> **INPUT DATA**
▬▬▬▬▬▬

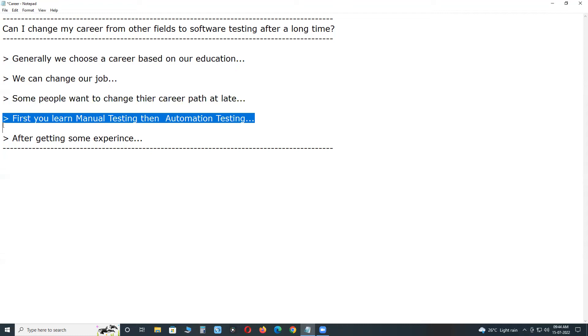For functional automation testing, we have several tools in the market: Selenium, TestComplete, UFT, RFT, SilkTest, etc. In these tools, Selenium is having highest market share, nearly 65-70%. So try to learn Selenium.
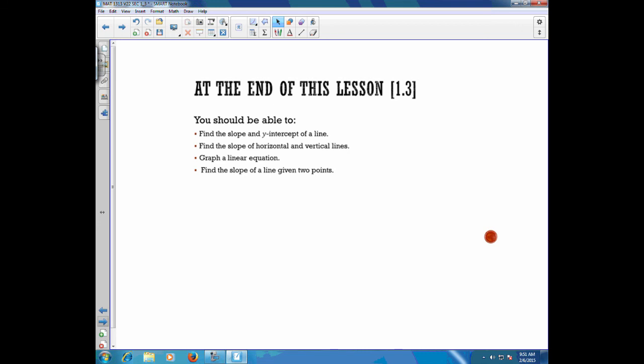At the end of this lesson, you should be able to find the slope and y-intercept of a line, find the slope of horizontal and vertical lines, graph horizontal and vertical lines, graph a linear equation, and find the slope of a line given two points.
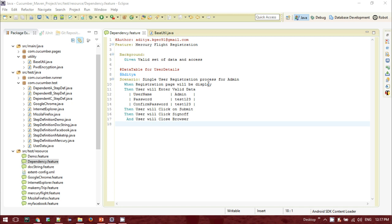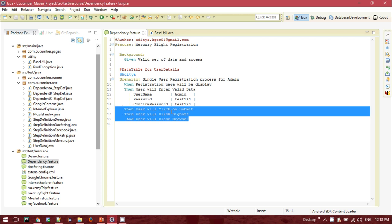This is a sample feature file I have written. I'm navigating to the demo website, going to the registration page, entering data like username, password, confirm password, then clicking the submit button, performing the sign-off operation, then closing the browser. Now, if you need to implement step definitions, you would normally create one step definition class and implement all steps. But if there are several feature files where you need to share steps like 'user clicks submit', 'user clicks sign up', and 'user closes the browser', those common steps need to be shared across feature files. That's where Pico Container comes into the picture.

▬▬▬▬▬▬

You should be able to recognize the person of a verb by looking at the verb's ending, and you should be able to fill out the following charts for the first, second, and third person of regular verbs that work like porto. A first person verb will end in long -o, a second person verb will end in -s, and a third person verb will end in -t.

▬▬▬▬▬▬

> **YOUR GOAL**
Range to copy from the listing above: the line containing "For functional automation" down to the line containing "At the end of", both included. Reproduce it exactly, minus the pictures, and add nothing.

> **EXERCISE RESULT**
For functional automation testing, we have several tools in the market: Selenium, TestComplete, UFT, RFT, SilkTest, etc. In these tools, Selenium is having highest market share, nearly 65-70%. So try to learn Selenium.
At the end of this lesson, you should be able to find the slope and y-intercept of a line, find the slope of horizontal and vertical lines, graph horizontal and vertical lines, graph a linear equation, and find the slope of a line given two points.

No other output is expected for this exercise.